What to do
Leaving out the images, repeat all the lines below exactly.

Material provided
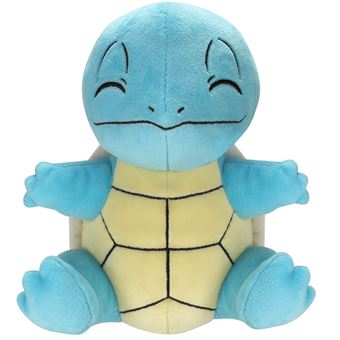 Peluche Pokémon Carapuce 18cm, 2 ans et +, Polyester doux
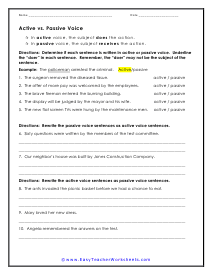 Crazy Formats Worksheet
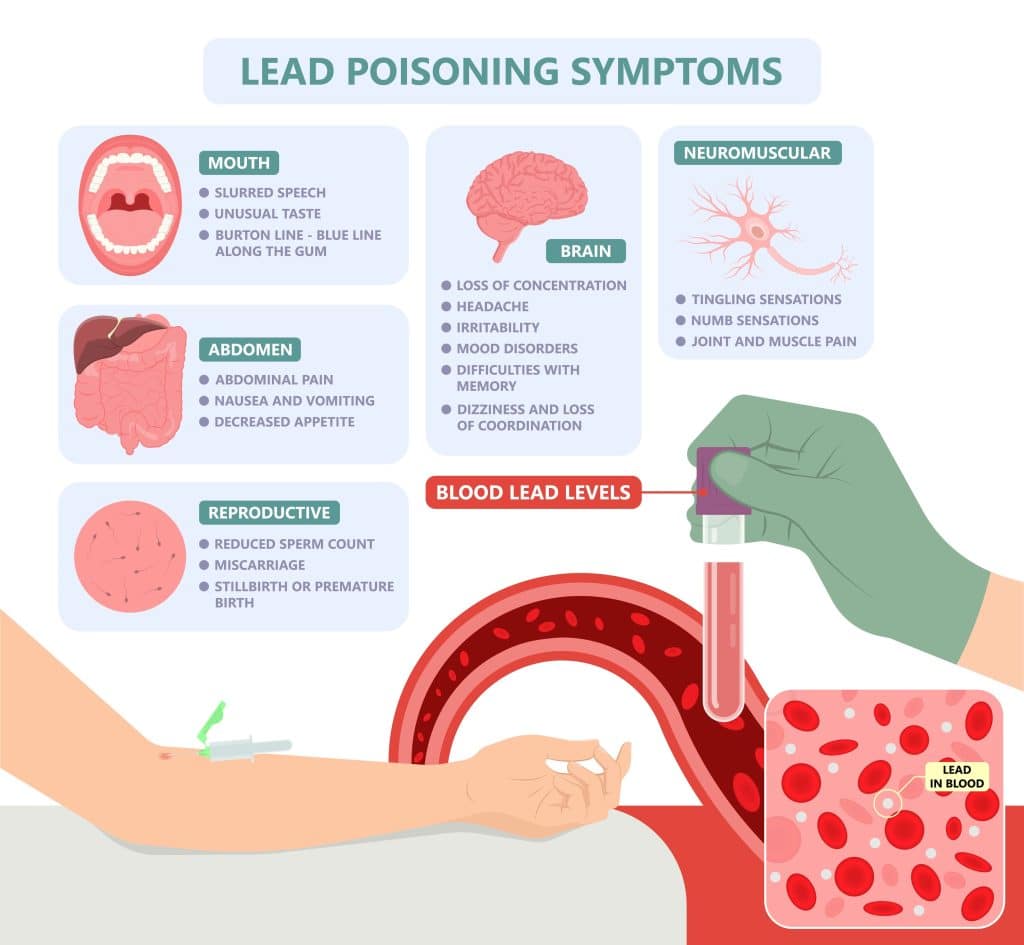 lead toxicity symptoms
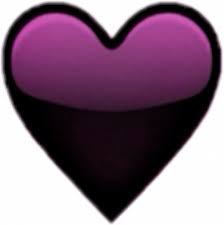 Purple Heart Emoji Transparent Black Tumblr Cool Sticker Heart Emoji Purple Emoji Free Clip Art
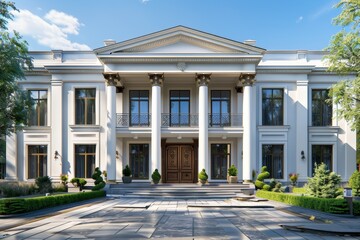 Obraz premium Classical exterior building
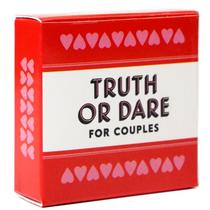 Jogo de cartas Truths Ors Dares para casais, diversão, família e adultos
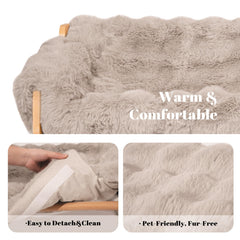 Armazón de madera de haya de Cheerhome Pets, estructura estable para gatos y perros pequeños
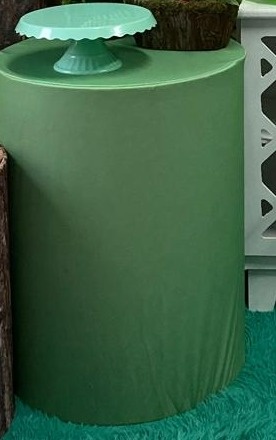 Capa Cilindro Verde Claro M - A FESTA E DECORAÇÃO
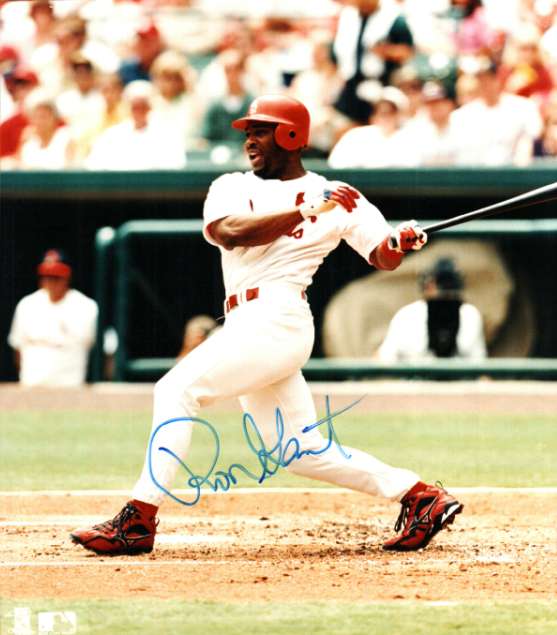 AUTOGRAPHED RON GANT 8x10 St. Louis Cardinals photo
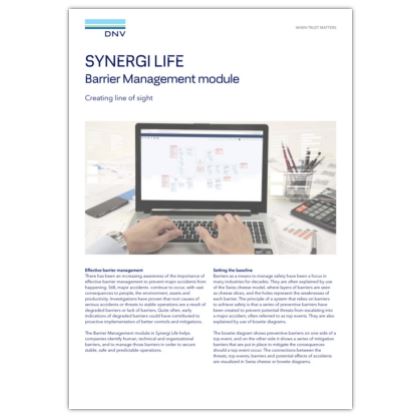 Synergi Life Barrier Management module flier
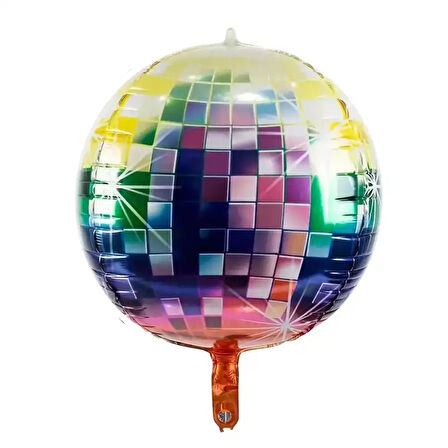 22" Disko Topu Folyo Balon -Çok Renkli-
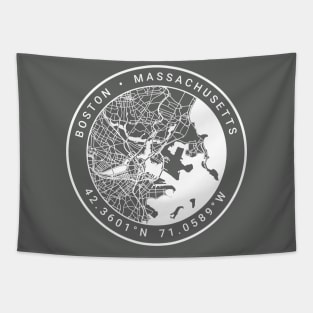 Boston Map Tapestry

Result below
 Peluche Pokémon Carapuce 18cm, 2 ans et +, Polyester doux
 Crazy Formats Worksheet
 lead toxicity symptoms
 Purple Heart Emoji Transparent Black Tumblr Cool Sticker Heart Emoji Purple Emoji Free Clip Art
 Obraz premium Classical exterior building
 Jogo de cartas Truths Ors Dares para casais, diversão, família e adultos
 Armazón de madera de haya de Cheerhome Pets, estructura estable para gatos y perros pequeños
 Capa Cilindro Verde Claro M - A FESTA E DECORAÇÃO
 AUTOGRAPHED RON GANT 8x10 St. Louis Cardinals photo
 Synergi Life Barrier Management module flier
 22" Disko Topu Folyo Balon -Çok Renkli-
 Boston Map Tapestry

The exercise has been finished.